One of the things you realise once you start learning about machine learning is just how important a well-annotated dataset is that you can use for training. Your predictive model will only ever be as good as the labelled data you originally gave it.
A little while back when I was trying to learn how to use the deep learning library Caffe, I started watching a series of educational webinars that Nvidia had released for free. I can’t recommend these videos enough if you want to learn more about deep learning – I learned a huge amount from watching them. However, during this course, I noticed how one of the images used as an example of a “bee category” in the data looked like this:
Despite the black and yellow stripes, this insect is not a bee, it is actually a hover fly. I quickly found that images of these flies are misclassified all over the internet as bees – I only realised apparently because I’m one of the few bee researchers who was interested in machine learning.

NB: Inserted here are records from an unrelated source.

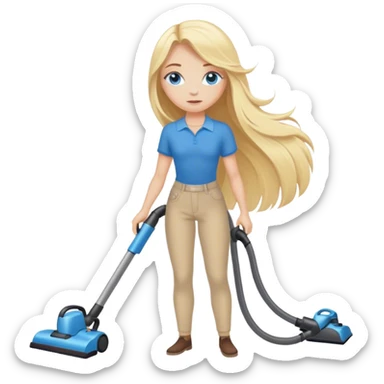 Cinematic realistic blonde with long hair, blue eyes vacuums sticker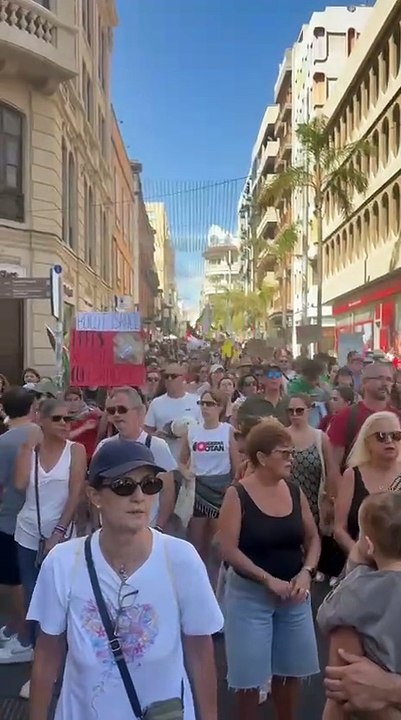Manifestación en apoyo al pueblo palestino en Santa Cruz de Tenerife
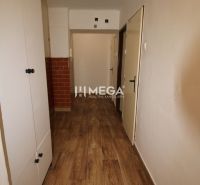 Na prenájom: Priestranný 2-izbový byt s balkónom v Humennom - Chodba v 2-izbovom byte s podlahou s dreveným dekorom a vstavanou skriňou.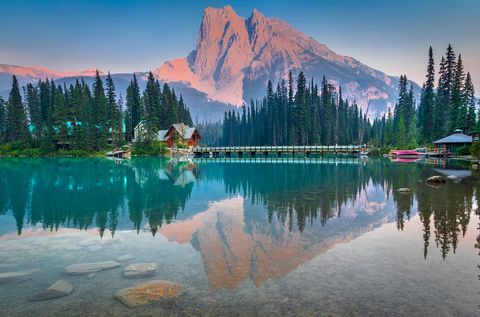 Sunset @ Mount Burgess ja Emerald Lake, Yoho rahvuspark, Briti Columbia, Kanada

I think that this misclassification is polluting a lot of the images labelled as containing bees in the major datasets that people use for training. I would urge any computer scientist who was interested in any project involving insect identification to be extremely careful and collaborate closely with entomologists before selecting images from a dataset to use for training.
This also raises the question: how do you test the accuracy of your model if you don’t know if the original labels have any basis in reality? I wonder how many other major categories in these datasets are mistakenly labelled because the people putting the data together don’t have the domain knowledge to make these kinds of subtle distinctions?